A matrix-valued input can be flattened into a vector, but doing so often hides structure. If

$$
X \in \mathbb{R}^{m \times n},
$$

then a scalar-valued function

$$
f : \mathbb{R}^{m \times n} \to \mathbb{R}
$$

has gradient

$$
\nabla_X f(X) \in \mathbb{R}^{m \times n}.
$$

The first-order expansion is written using the Frobenius inner product:

$$
f(X + \Delta X)
\approx
f(X) + \langle \nabla_X f(X), \Delta X \rangle_F.
$$

The Frobenius inner product is

$$
\langle A, B \rangle_F = \operatorname{tr}(A^T B)
= \sum_{i,j} A_{ij}B_{ij}.
$$

This is the matrix analogue of the vector dot product.

## Differential Notation

Differential notation is often the cleanest notation for deriving matrix gradients.

For a scalar function $f(X)$, we write

$$
df = \langle \nabla_X f, dX \rangle_F.
$$

The goal is to rewrite $df$ so that every occurrence of $dX$ appears in the final position of an inner product. Then the coefficient of $dX$ is the gradient.

For example, let

$$
f(X) = \operatorname{tr}(A^T X).
$$

Then

$$
df = \operatorname{tr}(A^T dX).
$$

So

$$
\nabla_X f = A.
$$

This follows because

$$
df = \langle A, dX \rangle_F.
$$

Now consider

$$
f(X) = \operatorname{tr}(X^T X).
$$

Then

$$
df = \operatorname{tr}(dX^T X + X^T dX).
$$

Using trace symmetry,

$$
\operatorname{tr}(dX^T X) = \operatorname{tr}(X^T dX).
$$

Therefore

$$
df = 2\operatorname{tr}(X^T dX),
$$

and

$$
\nabla_X f = 2X.
$$

This method is mechanical. It is also close to how reverse-mode AD works: move local perturbations backward until the coefficient of each input perturbation is exposed.
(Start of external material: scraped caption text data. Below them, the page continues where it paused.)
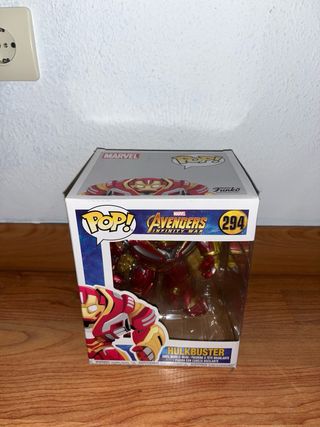 Funko Pop! Hulkbuster 294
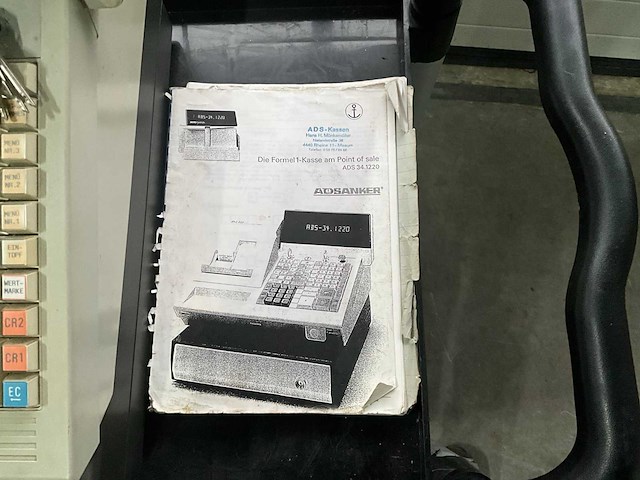 Kassa - afbeelding 4 van  12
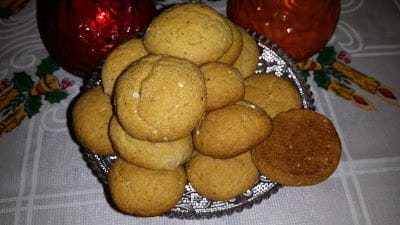 Glutenfri Hanna-Tädin kakor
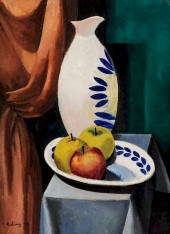 MOISE KISLING (POLISH-FRENCH 1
## Common Matrix Derivatives

| Function | Shape | Gradient |
|---|---:|---|
| $f(x) = a^T x$ | $x,a \in \mathbb{R}^n$ | $\nabla_x f = a$ |
| $f(x) = x^T A x$ | $A \in \mathbb{R}^{n \times n}$ | $\nabla_x f = (A + A^T)x$ |
| $f(x) = \|x\|_2^2$ | $x \in \mathbb{R}^n$ | $\nabla_x f = 2x$ |
| $f(X) = \operatorname{tr}(A^T X)$ | $A,X \in \mathbb{R}^{m \times n}$ | $\nabla_X f = A$ |
| $f(X) = \operatorname{tr}(X^T X)$ | $X \in \mathbb{R}^{m \times n}$ | $\nabla_X f = 2X$ |
| $f(X) = \|X\|_F^2$ | $X \in \mathbb{R}^{m \times n}$ | $\nabla_X f = 2X$ |
| $f(X) = \log \det X$ | $X \in \mathbb{R}^{n \times n}$ nonsingular | $\nabla_X f = X^{-T}$ |
| $f(X) = \operatorname{tr}(X^{-1}A)$ | $X$ nonsingular | $\nabla_X f = -X^{-T}A^T X^{-T}$ |

The table assumes real-valued matrices and the Frobenius inner product convention.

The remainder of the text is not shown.